Advisorhub (September 19, 2023) – The Financial Industry Regulatory Authority continues to bring enforcement actions over violations of the three-year-old Regulation Best Interest rule and this week fined and suspended a former broker who put 81% of her customer’s net worth into a single non-traded real estate investment trust.

Elba M. Nogueras, who is based in Guaynabo, Puerto Rico, accepted a four-month suspension and $5,000 fine for violating Reg BI and Finra’s “catch-all” Rule 2010 requiring brokers “observe high standards,” according to a letter of settlement finalized on Monday.

In September 2020, Nogueras, who was registered with First Southern LLC, recommended that her 56-year old client, who had a moderate risk tolerance and limited investment experience, invest $81,000, or 81% of his liquid net worth, into an unidentified non-traded REIT, Finra said. Nogueras, who spent 19 years as a broker, received a $5,670 commission from the sale, according to the letter.

Finra noted that the REIT’s prospectus warned the investment had a high degree of risk, “could have resulted in a complete loss of principal” and that investors had limited opportunities to redeem their shares, according to the letter.

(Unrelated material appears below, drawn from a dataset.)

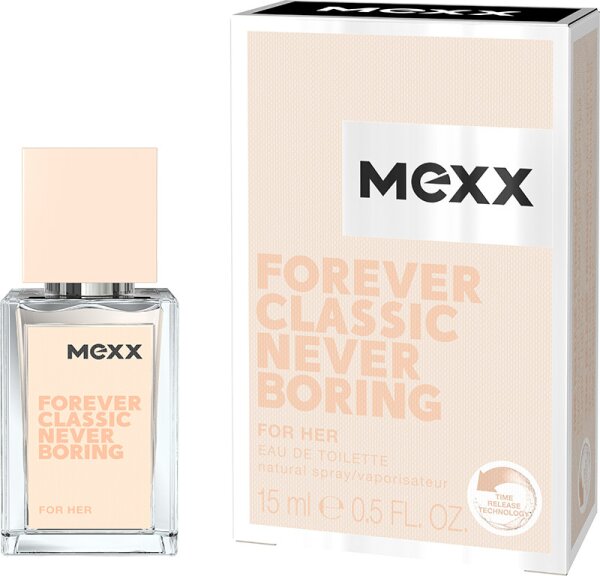 Mexx Forever Classic Never Boring for Her Eau de Toilette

The industry’s self regulatory organization is not taking a stricker stance than it previously could have under its older suitability stand rules, which governed broker-dealers prior to Reg BI’s June 2020 effectiveness, according to Hugh Berkson, president of the Public Investors Arbitration Bar Association, a plaintiff lawyer trade group.

“I’m heartened that Finra went after somebody for selling one of these [REITs] and tying up somebody with so much of their net worth in a single product like this,” said Berkson. “But I don’t think that that arises out of Reg BI.”

Finra in August censured Network 1, a New Jersey-based broker-dealer, and its chief compliance officer for failing to set up a supervisory system that was compliant with Reg BI or to detect red flags about excessive trading, according to a separate settlement. The broker-dealer agreed to pay a $200,000 fine and almost $534,000 in restitution.

Finra initiated the enforcement action against Nogueras following an exam of First Southern, according to the letter.

Guaynabo-based First Southern has both a registered investment advisor and broker-dealer. It has an office in Atlanta and offers its RIA services through First Southern Asset Management, LLC, according to its SEC filings.

A spokesperson for the firm did not respond to a request for comment. Nogueras left the firm in October 2021 and has not since been registered as a broker or investment advisor, according to registration records.

Nogueras first registered as a broker in 2002 at R-G Investment Corp. and worked at UBS Financial Services and independent broker Kovack Securities, Inc. before joining First Southern in 2019, according to her BrokerCheck.

Nogueras has 21 disclosures on her record going back over a decade. Two customer complaints from 2010 and 2011 were denied, two from 2014 and one from 2015 were closed with no action and one dispute from 2015 was withdrawn by the client. The remaining 14 settled for between $15,000 and $365,000 each.

Neither Nogueras nor her lawyer could be reached for comment.